[Material for this exercise]
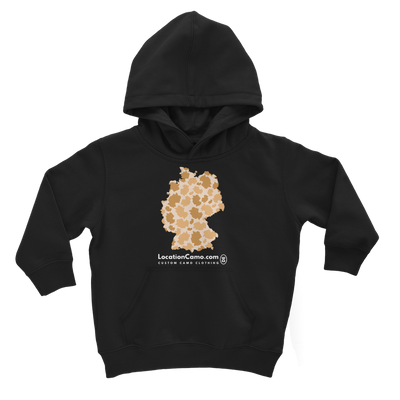 Germany Desert Classic Kids Hoodie - LocationCamo.com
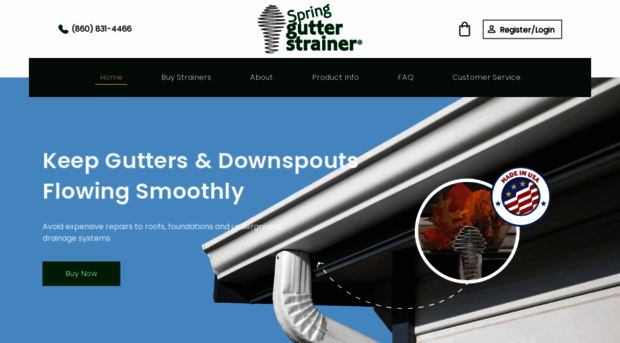 gutterstrainer.com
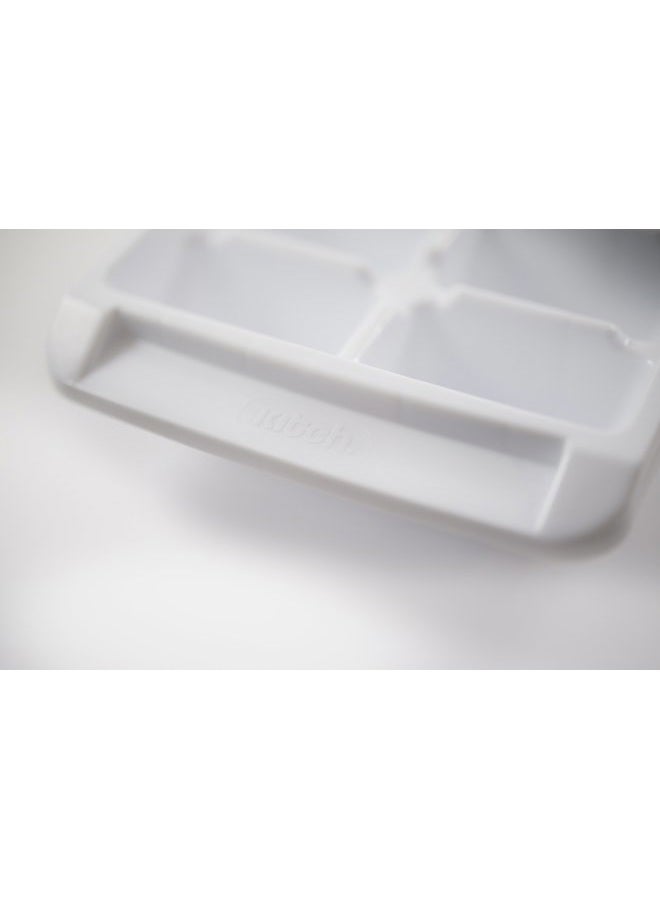 Kitch Ice Tray Easy Release White Ice Cube Trays, 16 Cube (Pack of 2) (2867-WHT-2) - Image 2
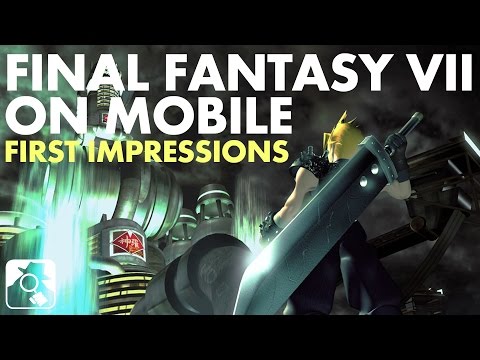 IS FINAL FANTASY VII MOBILE ANY GOOD? | Final Fantasy VII preview IS FINAL FANTASY VII MOBILE ANY GOOD? | Final Fantasy VII preview
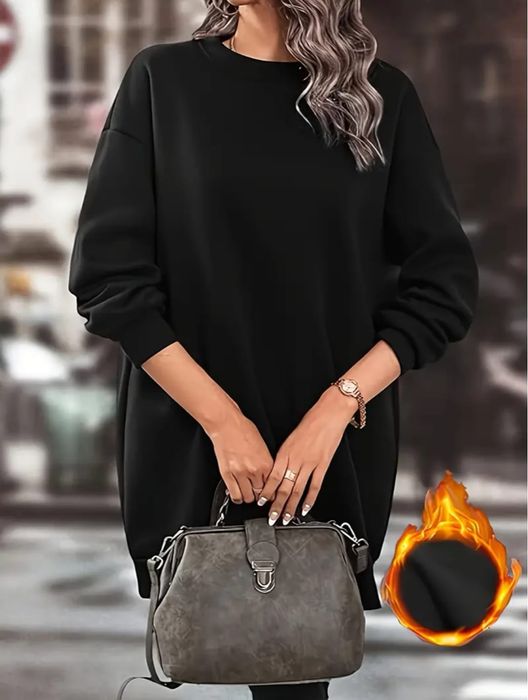 Туника в черно 4XL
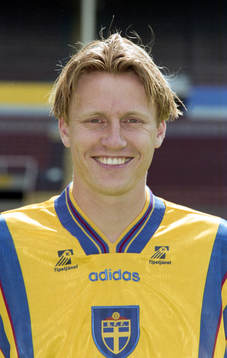 Bläddra bland fler bilder av Fotboll, Sverige, Porträtt
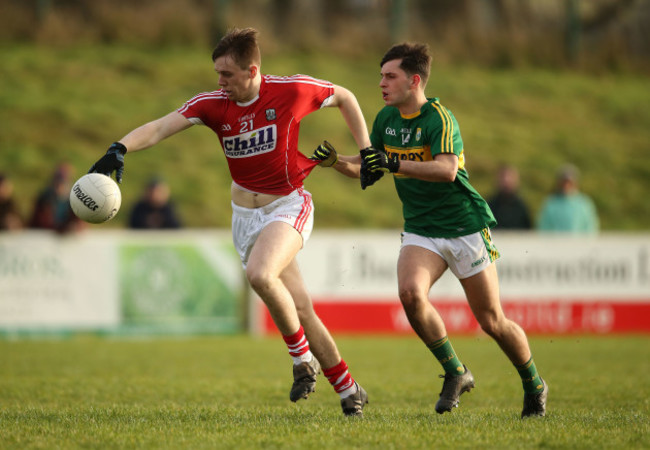 Alan O’Donovan under pressure from Jack Savage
[/Material for this exercise]
> **Task brief**: Once the line containing "Туника в черно 4XL" is found in the records above, it and every line after it up to the last must be repeated exactly, without pictures.

> **Answer box**:
 Туника в черно 4XL
 Bläddra bland fler bilder av Fotboll, Sverige, Porträtt
 Alan O’Donovan under pressure from Jack Savage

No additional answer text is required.